O encontro com a balança no pós-férias não foi particularmente penoso, apenas quinhentos gramas mais do que antes desse período fantasioso, no qual se alimentam quimeras como a possibilidade de as coisas não serem o que são. As férias estão para os nossos dias como o Carnaval estava para a Idade Média. Li que, então, era também conhecido como Festa dos Loucos. Era uma despedida dos prazeres da carne, a que se seguiria o tempo quaresmal. As férias de hoje são, mutatis mutandis, a mesma coisa. Não se trata tanto da questão da carne, mas da irrealidade. Uma das origens possíveis do Carnaval encontra-se na Babilónia e é um testemunho eloquente daquilo que nós, seres humanos, somos ou também somos. Nas Saceias – uma festa – um prisioneiro assumia durante alguns dias o papel de Rei. Vestia como ele, comia como ele e dormia com as suas mulheres. Enfim, um admirável mundo novo. Passadas as festividades, era espancado e executado. Fala-se em enforcamento, mas também em empalamento. Tudo tem um preço, dir-se-á. À irrealidade do reinado daqueles dias, seguia-se a dura realidade. As férias não me anularam a inclinação para a insónia. Esta noite, deu-me a possibilidade de ler um quarto do romance de Michel Houellebecq, Serotonina. A humanidade não sai lá muito bem tratada, mas o que seria de esperar quando se fala de uma espécie que concede uns dias de ilusão para, logo de seguida, supliciar até à morte o beneficiário dessa fantasia?

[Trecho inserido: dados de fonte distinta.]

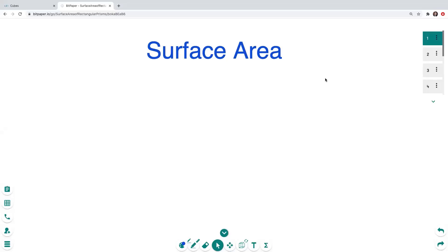Hello there, this is Amy from Made for Math and I am here today to talk to you about surface area.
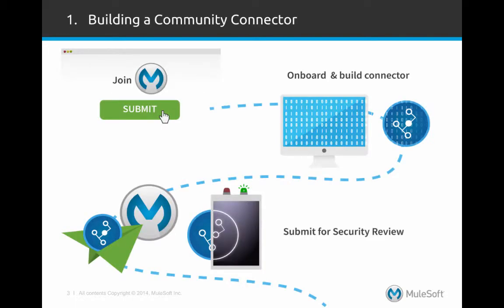Once you've determined which application you want to connect to, or if you already have a connector you've built that you'd like to submit, let us know by filling out the Submit Your Connector form. You will then be invited to a portal where you'll be given an overview of the process, resources you can leverage, deliverables we'll need to review your connector, and a place to ask questions to our product managers and engineers.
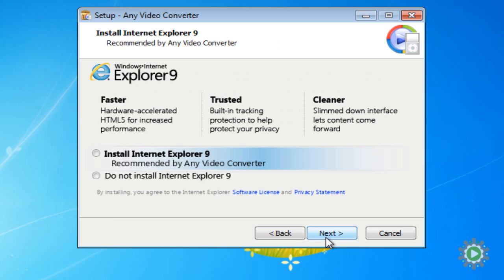We are now given the option to install a free program as a promotion, but for our purposes this isn't needed, so we can go ahead and say No to continue with the installation.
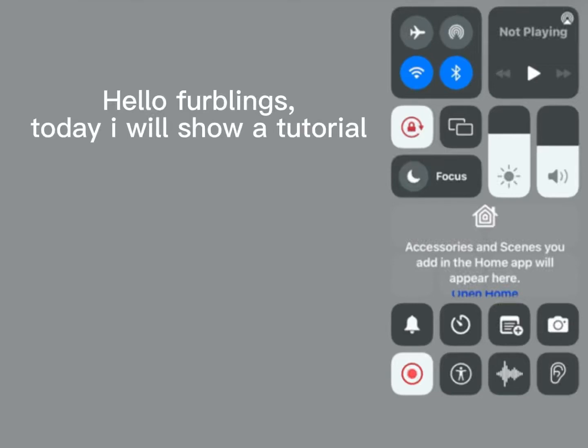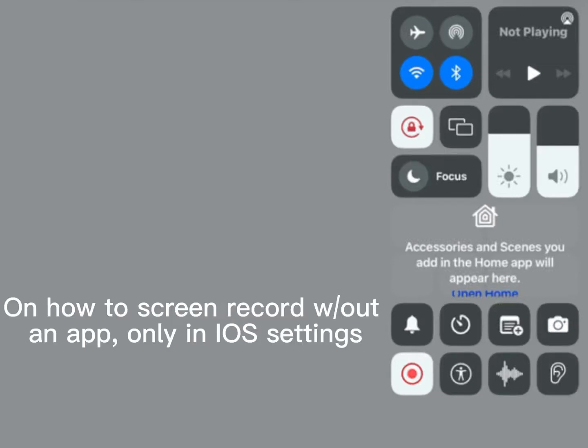Hello Furblings! Today I will show a tutorial on how to screen record without an app, only in iOS settings.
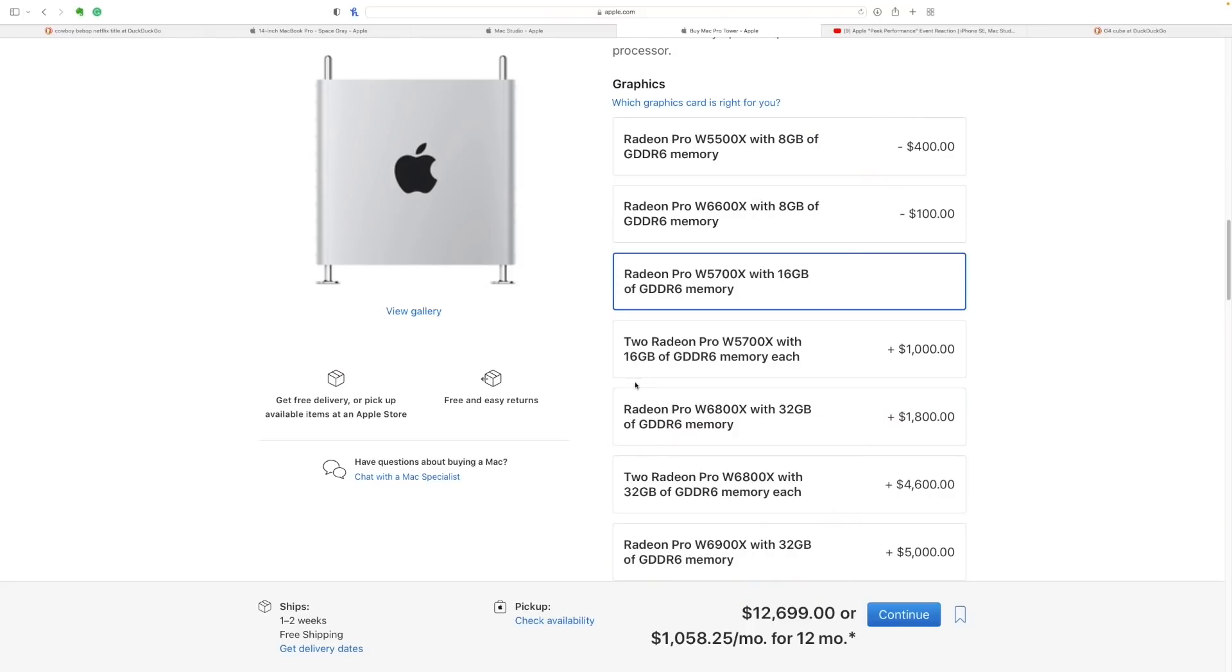The sales of this, if the sales of the Mac Pro already haven't fallen off the edge of the cliff, they certainly are now. Although I'm sure you can buy the $700 wheels from the Mac Pro and put it on the Mac Studio. So that would be really cool. I'd love to see a Mac Studio rolling around with the $700 wheels.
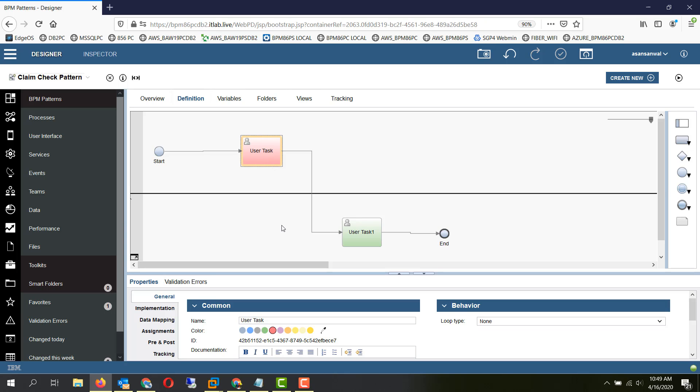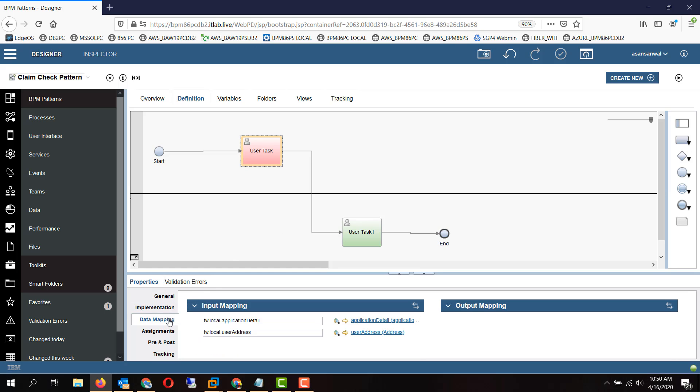One is the business context of the BPD gets bloated up with all the huge variables, and also whenever we transition from a BPD to a user interface, there is a deep copy serialization and deserialization process which is a very performance intensive process.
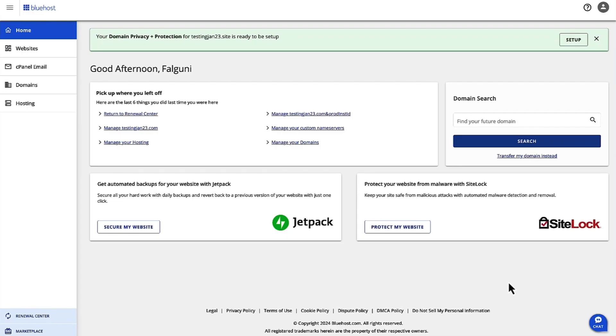Hi, I'm Falguni and I'm the Product Manager for Shared Hosting at Bluehost. Today we are going to walk through the steps to add a domain to a site.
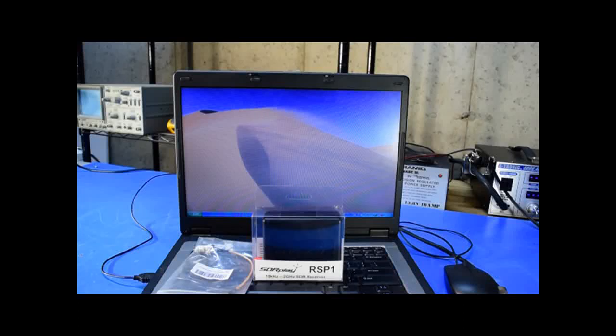Today I'm going to work on getting my SDR Play RSP1 to decode PSK31.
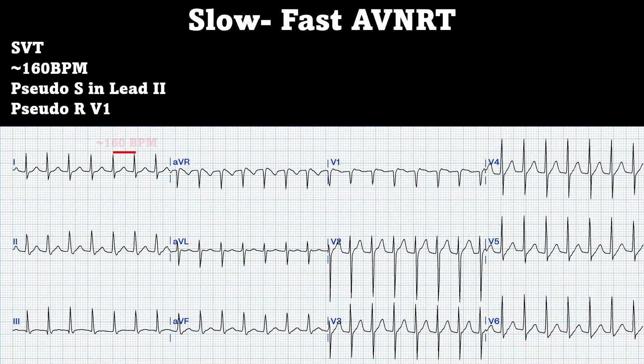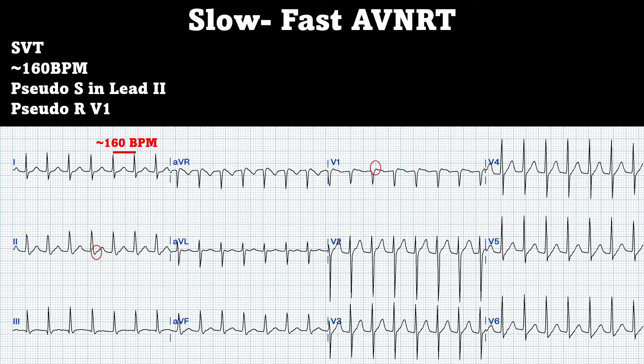Here's our example of slow-fast AVNRT, which is our most common. Some of the EKG findings you're going to get are right around 160 to 170 beats per minute. You're going to have absolutely no P-waves, including retrograde P-waves, or you can have a pseudo-R in V1, which we can see there — it's a little blip that's a retrograde P-wave. You can also have a pseudo-S-wave in your inferior leads, which you can see in lead 2. But this is going to be your typical type of SVT pattern.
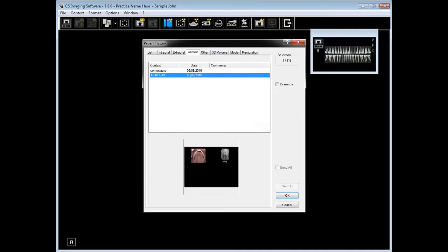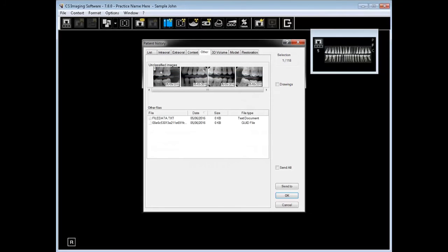If images were saved in a context, they can be retrieved from the patient's history under the context tab. When images are imported, if they're not classified, they get saved under other. These are usually scanned images.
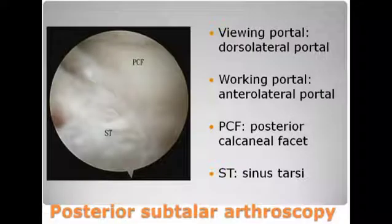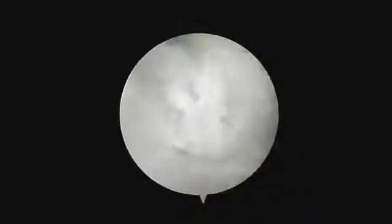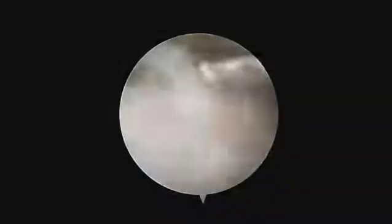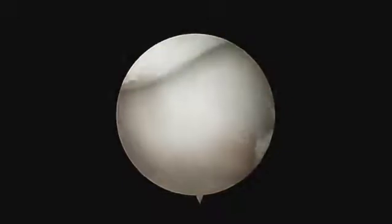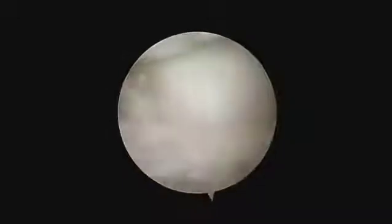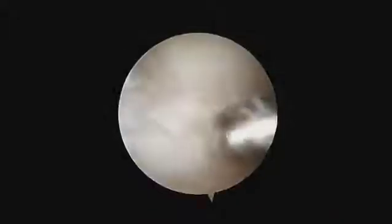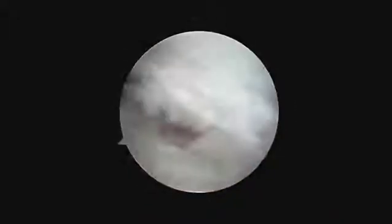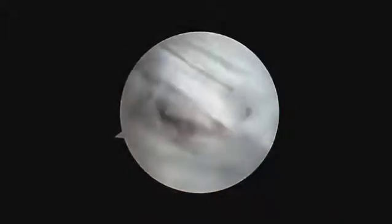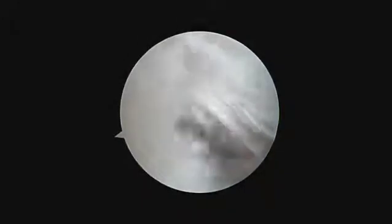Finally, the arthroscope can be switched to the dorsolateral portal. This can provide a wider view of the lateral side of the sinus tarsi, and the sinus tarsi can be debrided of any inflamed tissue, scar tissue, or torn ligament.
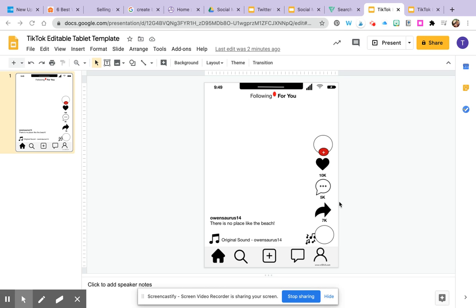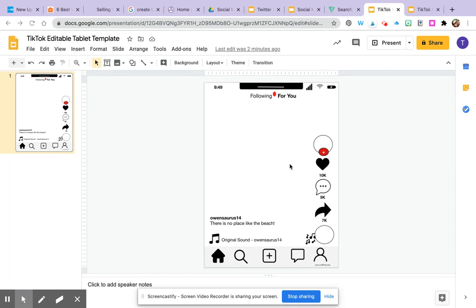One of the great things about TikTok is being able to upload short videos. Now typically in TikTok the video would take up the whole page here, however in this template we're not going to do that. I'm going to show you how to insert a video and resize it and if you want you can even frame it out.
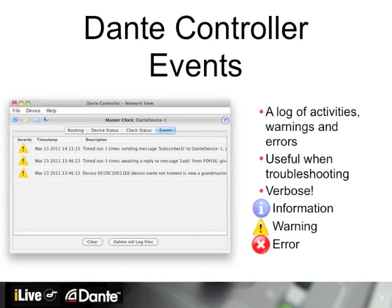The Event tab is where you can see a list of Dante Controller activities. There are three types: information, warnings, and errors, which are relatively self-explanatory. Most messages do not affect operation and are purely informational. Information and warnings generally do not result in the loss of any audio or control, but they are there to help you troubleshoot.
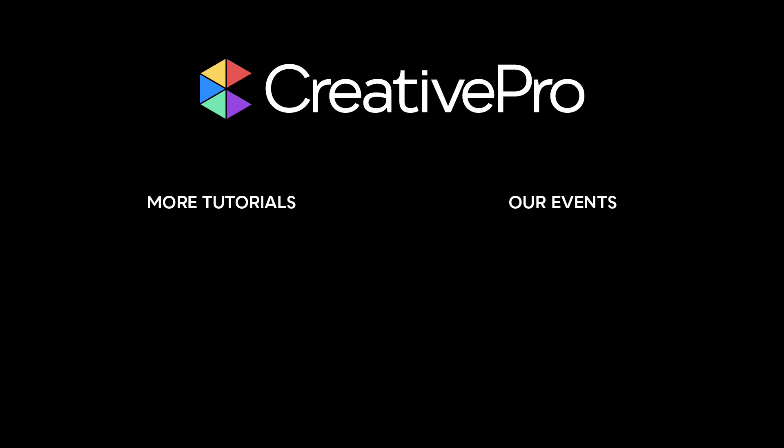I hope you enjoyed this video. Be sure to give it a like and subscribe to our channel. For thousands more how-to articles and tutorials, visit creativepro.com and become a member today. Thanks for learning with us.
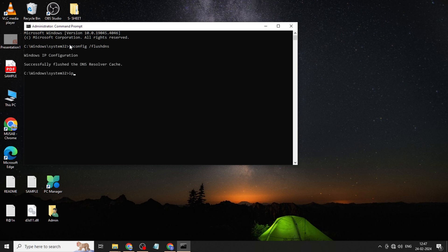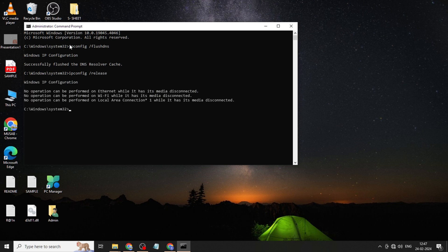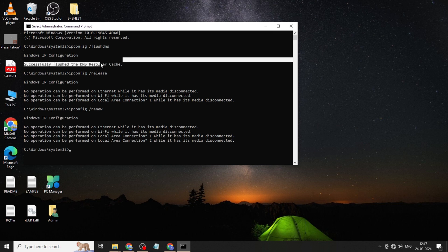Click enter. Type again ipconfig space slash release, click enter. Type ipconfig space slash renew, click enter. Restart your computer.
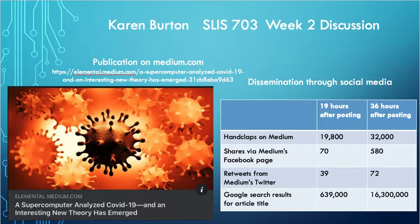I first read the article 19 hours after it was first published on Medium. It already had 19,800 hand claps, which is the equivalent of a like on Medium, indicative of at least that many views. Looking at the Facebook page for Medium where the article was shared, there were 70 shares of the article directly from Medium. Twitter yielded 39 retweets from Medium, and a Google search for the title resulted in about 639,000 results.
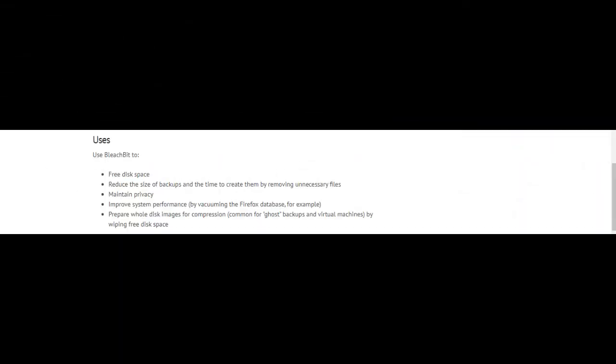Uses: Use BleachBit to free disk space, reduce the size of backups and the time to create them by removing unnecessary files, maintain privacy, improve system performance by vacuuming the Firefox database for example, prepare whole disk images for compression, common Ghost backups, and virtual machines by wiping free disk space. Nice software.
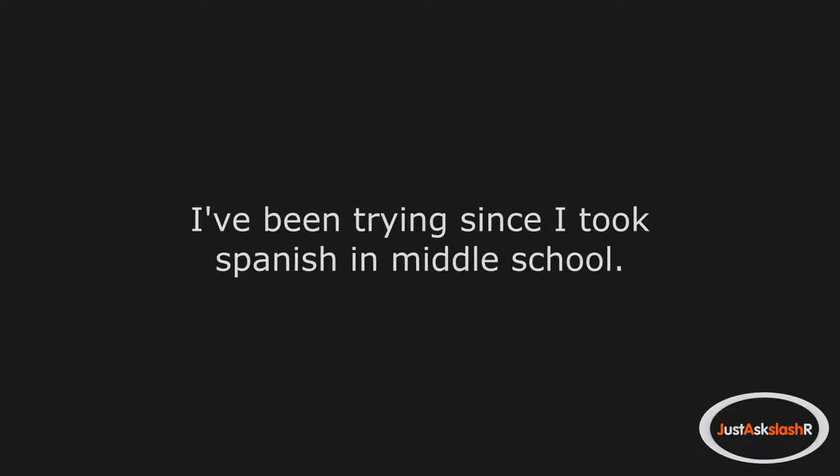What normal thing can't you do? I cannot roll my R's. I've been trying since I took Spanish in middle school. It just isn't in the cards for me.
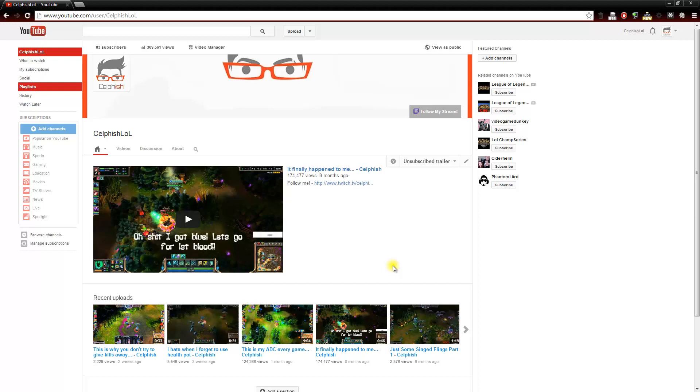Sometimes they don't even read the title, they just click on a video because of the thumbnail. And these thumbnails are not interesting at all.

sexta-feira, 2 de setembro de 2022

Valor e preço

Descobri que dois livros que tinha comprado em férias já constavam nas estantes. O pior é que, antes de sair e de os encomendar, tinha ido verificar se existiam. Verifiquei, mas não vi. Por vezes, os deuses conspiram para nos perder. Não que a perda seja muita, mas é uma espécie de humilhação imposta pela realidade. Tenho de fazer o levantamento das coisas repetidas e pô-las à venda. O problema é que não tenho alma de vendedor. Como se sabe, há almas de todos os géneros e cada um tem a sua. Os que têm alma para vender, fazem-no com quem bebe um copo de água. Não é o meu caso, o que é sinal de desastre num mundo formatado pelo espírito do mercador. Quando o terceiro-estado tomou conta do mundo, tudo se converteu em mercadoria regulada pela lei da oferta e da procura. Esta é a mais curiosa das leis. Parece fundar-se na liberdade. O preço das coisas, de qualquer coisa, depende do exercício de vontades livres que chegam a acordo entre si. O efeito disto é que tudo deixou de ter valor e passou apenas a ter preço, que varia conforme os humores de compradores e vendedores. Os meus livros têm um preço, embora para mim tenham valor. Não são mercadorias, mas qualquer coisa que rompeu com o fetichismo da mercadoria. Contudo, isso é apenas um assunto privado. Objectivamente, eles têm um preço. Acho que me perdi no jardim dos caminhos que se bifurcam. Queria eu dizer que um mundo regulado pelo espírito dos mercadores é um mundo onde o valor foi substituído pelo preço. As coisas deixam de valer e passam a custar. Não sei o que me deu para escrever este conjunto de bagatelas, há muito conhecidas. Tenho a imaginação em pousio, mas isso não significa que, depois desse período de descanso, ela produza mais e melhores ideias. Já não tenho idade para me iludir, embora nunca desista de o fazer.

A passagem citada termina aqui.